Almuerzan entre carcajadas y chismes de la farándula, y después de comer por fin se despiden del grupo. Él sigue con la campera amarilla puesta. Se olvidó de devolverla y tampoco nadie la reclamó. Cuando llegan al auto descubren que el baúl está forzado y que les robaron los bolsos con la ropa y los documentos.
Él putea a los ladrones y a ese fin de semana de mierda. Todo se fue al carajo. Discuten. Hacen la denuncia y consiguen que el consulado les habilite un par de autorizaciones para volver esa misma noche, pero el funcionario les dice que el auto se tiene que quedar.
Cuando atardece, embarcan en el buque. Dos viejos que toman mate frente a ellos les preguntan sus nombres. «Sandra y Rubén», dice él. Le resulta más cómodo seguir con la farsa. «¿De dónde son?», pregunta la vieja. «De Quilmes», miente ella. «¡Nosotros también!», dice el viejo y se ofrece a llevarlos en su auto. Ella acepta.

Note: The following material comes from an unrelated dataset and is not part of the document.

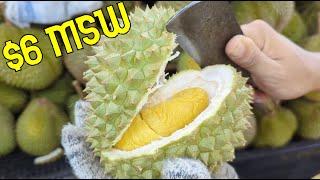 $6 Musang King Durian in Malaysia - Surprisingly good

En el puerto de Buenos Aires los viejos se apuran para bajar. Él respira aliviado y le dice a ella, en la cola de la aduana: «¿Por qué les dijiste que nos lleven a Quilmes?». Ella le dice que se acordó que una vez fue a un hotel de Quilmes que se llamaba La Barraca y se le ocurrió que podían pasar la noche ahí.
«Quiero que estemos juntos», dice ella, «me da lo mismo dónde. Además, quiero que hablemos». «¿De qué?», pregunta él. Y ella le dice: «Estoy embarazada». Él se queda pálido. La gente empieza a empujarlos para que avancen. «¿Y acá en el Buquebús me decís que estás embarazada?», dice él, desencajado. Ella se pone a llorar. «Tranquila», le dice él, «va a estar todo bien».
Cuando salen del Buquebús el matrimonio de Quilmes los está esperando en la puerta, desde arriba del auto les hacen señas. Ellos se suben al asiento de atrás. «¿A dónde viven?», pregunta el hombre. «Cerca del hotel La Barraca», dice ella. El hombre conoce el lugar. Cuando entran a Quilmes pasan frente al hotel y ella elige una casa al azar. «Vivimos acá», dice y los dos se bajan en una calle de tierra, sin alumbrado.
Pero antes de despedirse, inesperadamente, la vieja se baja del auto y les pide pasar al baño. «Claro, claro», dice él. Se tantea nervioso los bolsillos de la campera amarilla y siente un ruidito metálico. Saca un llavero con tres llaves. «Me parece que esta no es», dice él, pero de todos modos prueba una llave en esa puerta que nunca vio en su vida. La cerradura gira. Y la puerta se abre.
Entre los dos tantean las paredes buscando el interruptor de la luz y después él abre un par de puertas hasta dar con la del baño. La vieja pasa apurada. Ellos esperan en el comedor, sin hablar.
Al rato, cuando la mujer sale del baño, se saludan y acuerdan volver a verse. La pareja se queda sola. Cierran la puerta y exploran la casa deshabitada. Entonces ven los adornos en las paredes. Unas carcasas de computadora sobre la mesa, una cuna flamante en un cuartito sin revocar. Ven una habitación con una cama matrimonial y, arriba de la cama, un espejo en forma de corazón con dos nombres tallados en cursiva que dicen: «Sandra y Rubén».